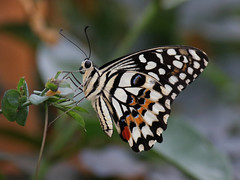 Sensational Butterflies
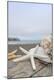Premium Photographic Print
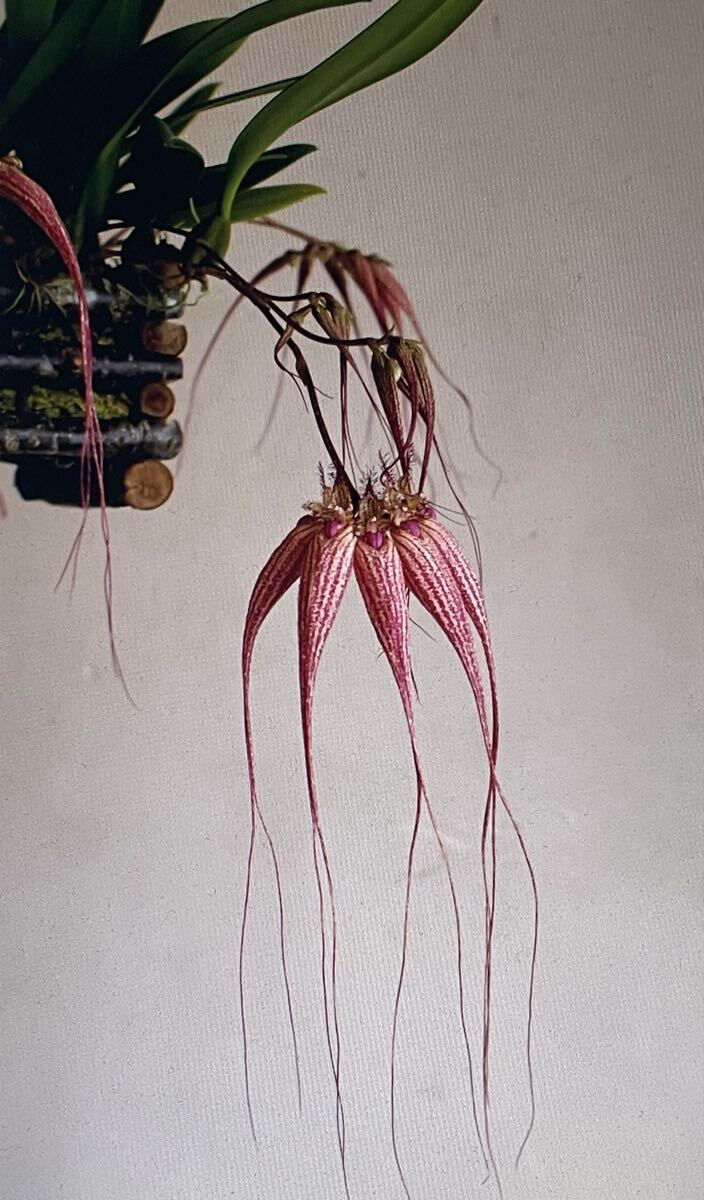 洋蘭  バルボフィラム エリザベス アン拍卖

__________________________________________________

• TRY IT
Nothing but the lines from the one that contains "Premium Photographic Print" through the last line of the material should be written out, exactly. Omit pictures.

• ANSWER TO THE EXERCISE
Premium Photographic Print
 洋蘭  バルボフィラム エリザベス アン拍卖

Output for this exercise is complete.